Have you received this in the mail? What does (name any large corporation) do with your personal information?
Companies such as ours choose how they share your personal information. Federal law gives consumers the right to limit some, but not all sharing. We’ve made sure of that with some tasteful lunches and dinners at posh Washington eateries you could never afford. They also require us to tell you how we collect, share, yes, and sometimes laugh at your personal information in the privacy of our cubbyholes. Please read this notice carefully to understand what we do.
First, understand that we employ lawyers to write these practices and they make a good living covering our butts from people who want to cause trouble or protect their interests.
Here is the reason we can share your personal information. Because we can!
We can share for everyday business purposes, marketing purposes, joint marketing and our affiliate’s everyday business purposes. Can you do anything about it? NO!

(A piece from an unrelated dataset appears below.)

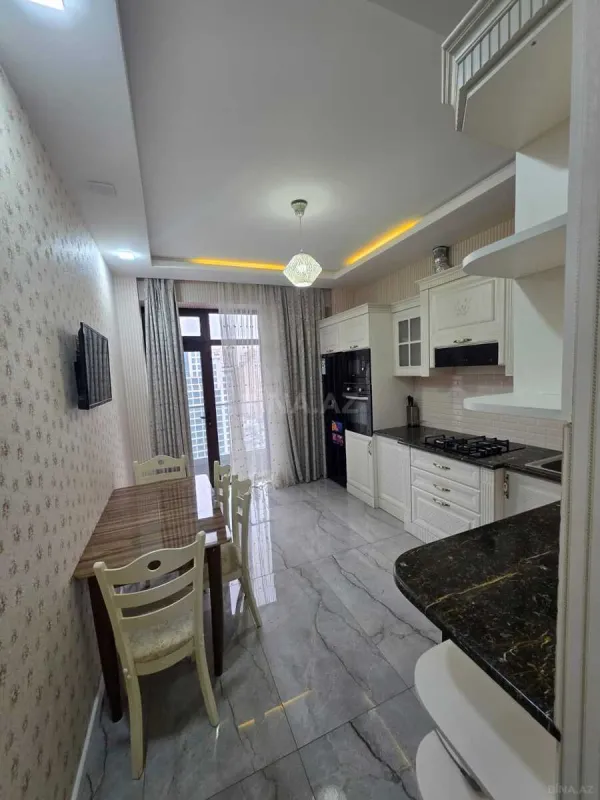 Kirayə verilir 3 otaqlı mənzil 149 m²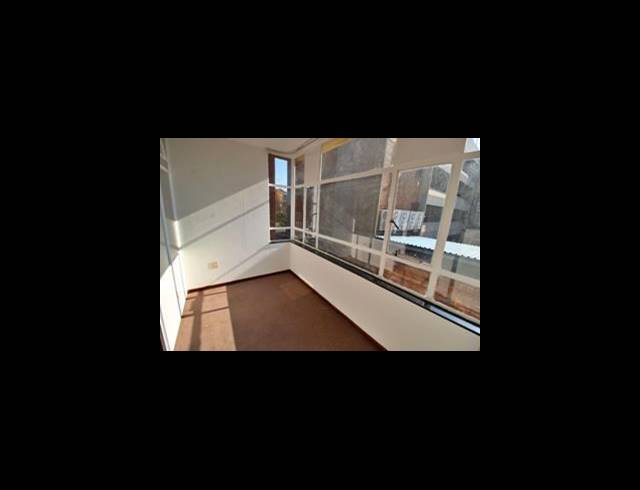 2 BEDROOM APARTMENT FOR SALE IN MARLANDS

The reason you can’t catch us doing this is because we utilize the smallest type and largest amount of words hidden in a mail-out to disguise what we are doing in this disclosure. It’s the envelope marked VERY IMPORTANT READ IMMEDIATELY. You’re not even reading this now because you have a life and we know that. We know that because WE HAVE ALL YOUR DAMN INFORMATION!!!! Ha Ha Ha!!! LOL
Can we sell your financial information, social security number, bank statement, or other credit information? You bet your butt! You may be able to ‘opt out’ of this, but We’ll come clean here and figure that only the tiniest percentage of people realize this has happened and even then not many will call us on it. We’ll simply fess up to them and send a pre-paid gift card to get them off our back. These cards can only be used at retailers who have a ‘business affiliation’ with us. We’ll add the amount to your next 6 billing statements and disguise it as a ‘federal transaction adjustment fee’ so even then, we’re making money on you. LOL! (Even your lawyer can’t figure this one out)
Bottom line: If you’re persistent in wanting to hold our feet to the fire for any perceived wrong-doing call the 800 number at the bottom of this page and we’ll subject you to the most rigorous phone messaging system you’re ever encountered. If, after a couple of hours you’ve given up, know that you’re in good company.